Shaped by a planning policy closely tied to the strategic and theoretic debate of the Communist Party, the sixties and seventies were obviously characterized by a strong continuity, as opposed to the more »technical« approach of the fifties. But it should not be forgotten, that also during this period, the planning schemes for the historic city underwent several transformations, which not only regarded the assessment of the social and political dimensions of old city renewal, but were also affected by them. In the sixties, it was clearly assumed that preservation would require compromises on a social level. To save both, the old city and its actual inhabitants, in a literal sense, was therefore a concept of the seventies. The same goes for the typological reconstructions, which, however limited in quantity, remained methodologically highly controversial and may have prefigured waves of postmodernism and historical reconstructions yet to come.

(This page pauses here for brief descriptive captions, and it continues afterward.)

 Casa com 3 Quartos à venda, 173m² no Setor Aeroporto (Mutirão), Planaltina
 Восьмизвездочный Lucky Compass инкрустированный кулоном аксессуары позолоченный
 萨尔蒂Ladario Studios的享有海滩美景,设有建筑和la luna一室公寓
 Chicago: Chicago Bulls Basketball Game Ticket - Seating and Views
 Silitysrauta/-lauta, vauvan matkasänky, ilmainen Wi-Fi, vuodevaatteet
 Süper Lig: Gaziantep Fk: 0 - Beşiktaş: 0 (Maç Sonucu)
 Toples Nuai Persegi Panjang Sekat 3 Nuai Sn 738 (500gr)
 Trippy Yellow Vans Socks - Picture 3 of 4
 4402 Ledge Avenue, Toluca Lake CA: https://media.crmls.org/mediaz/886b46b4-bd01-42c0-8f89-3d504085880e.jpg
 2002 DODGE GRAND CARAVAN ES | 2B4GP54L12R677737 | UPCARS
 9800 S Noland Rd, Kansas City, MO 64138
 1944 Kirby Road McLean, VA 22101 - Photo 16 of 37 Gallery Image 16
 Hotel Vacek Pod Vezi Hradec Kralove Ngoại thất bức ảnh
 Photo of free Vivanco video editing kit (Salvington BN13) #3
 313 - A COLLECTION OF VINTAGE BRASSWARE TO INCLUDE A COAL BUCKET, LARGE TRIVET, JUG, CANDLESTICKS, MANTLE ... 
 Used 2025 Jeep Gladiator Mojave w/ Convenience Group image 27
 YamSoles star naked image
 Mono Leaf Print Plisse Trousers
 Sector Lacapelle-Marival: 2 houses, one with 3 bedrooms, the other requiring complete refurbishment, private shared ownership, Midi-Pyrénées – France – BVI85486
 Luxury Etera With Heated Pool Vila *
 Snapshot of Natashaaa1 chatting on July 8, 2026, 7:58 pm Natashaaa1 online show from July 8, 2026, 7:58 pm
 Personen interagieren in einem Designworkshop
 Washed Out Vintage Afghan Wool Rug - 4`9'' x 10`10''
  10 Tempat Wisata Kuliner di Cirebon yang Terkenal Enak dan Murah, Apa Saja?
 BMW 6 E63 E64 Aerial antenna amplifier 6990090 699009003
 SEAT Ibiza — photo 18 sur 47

Its pronounced social momentum places the PEEP / Centro Storico concept within the particular climate of Italy’s early seventies, characterized by high social and political tension and the incipient economic structural change. But it should not be overlooked that it was also an attempt by experts to resolve, what had been a contradiction within the centri storici debate already in 1960: how could the preservation of the historic urban fabric be put into practice without expelling working-class and lower-middle-class residents? In terms of timing and ideas, it corresponded with the large social mobilization of the Italian left after 1968–69. However, it was not itself a direct outcome of social struggles or mass mobilization, but emerged from a specific, institutional alliance between politically engaged architects and the municipality. The plans for the old city and their implementation had to take into account changing juridical, political, and social circumstances. They did so by formulating new ideas and solutions, but it seems worth remembering that they also resorted to what earlier stages of local planning had produced.